The Ratto Group, owned by James Ratto, does trash pickup and recycling in Sonoma County with subsidiary companies that sprawl across the region under its North Bay Corporation: Redwood Empire Disposal in Santa Rosa, Santa Rosa Recycling and Collection, Petaluma Refuse and Recycling, Rohnert Park Disposal, Windsor Refuse and Recycling, and Novato Disposal.
Marin Sanitary Service, operated by the Garbarino family, operates from headquarters in San Rafael. Napa Recycling and Waste and Napa County Recycling and Waste serve that county. Sister company Upper Valley Disposal and Recycling serves Yountville, St. Helena and Calistoga. Garaventa Enterprises serves Solano County.
An audit by R3 Consulting Group for the city of Santa Rosa presented last year alleged that Ratto's company did not meet minimum levels of a 45 percent diversion of recyclables, and operated trucks and a recycling facility that fell short of acceptable standards.
The city contract with Ratto expires at the end of 2017 and brought the company about $27 million a year.
“The company's two material recovery facilities are approximately 15 years old, antiquated, and are not able to process the incoming recyclable materials to current industry standards,” the R3 report said. “There is no effective means for metering the incoming materials,” and “we observed numerous rats in the facility,” far more than staff observed in comparable facilities.
One facility was ordered closed, and Ratto Group faces potential fines that could reach $14 million.
The company's response challenged R3's report as “a misleading and incomplete picture” that ignored unfavorable recycling market forces.
“Since China's implementation of “Operation Green Fence in 2013,” said Rick Downey, who resigned in July but was the company's general manager then, “SRRC and its affiliated companies, along with the entire U.S. recycling industry, have faced … double-digit declines in exporting materials such as newsprint and glass.
“Lower market values for separated recycled material drove down revenue while at the same time, rising contamination increased processing costs and residual garbage volume. This was compounded by a prolonged port strike in Oakland, California, that brought material sales almost to a standstill.”
In January, Ratto Group, which has more than 400 employees, announced plans to sell its business to San Francisco-based Recology, an employee-owned company with roughly 3,000 employees. The proposed purchase price will be determined based on due diligence underway.

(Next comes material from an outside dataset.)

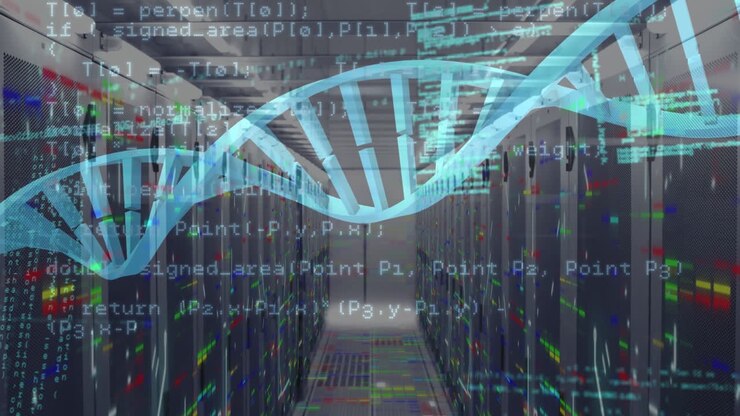 Animation of data processing and dna strand over server room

Meanwhile Ratto Group is trying to respond to the critical audit.
“We are in the process of rebuilding things” at one of the recycling centers, said Jim Salyers, governmental-relations manager for Ratto Group. He expects the facility to be significantly rebuilt by the end of summer.
Businesses and consumers don't separate recyclables properly, and “it has become more of a problem,” Salyers said, after the change to single-stream recycling from the former “stackable three bins,” he said. “People were used to separating the material more. At that time there wasn't much residual” trash that goes into landfills.
Though single-stream recycling started in the 1990s, only about 20 percent of cities used it by 2005. By 2010, nearly two-thirds of communities with recycling had adopted the single-stream process because it encourages more recycling yet relies on people and machines at material recovery facilities to sort whatever arrives. Single-stream recycling tends to break glass as it goes from bin to truck to forklift to conveyor belt. Then glass bits contaminate other recycled goods such as paper and plastic.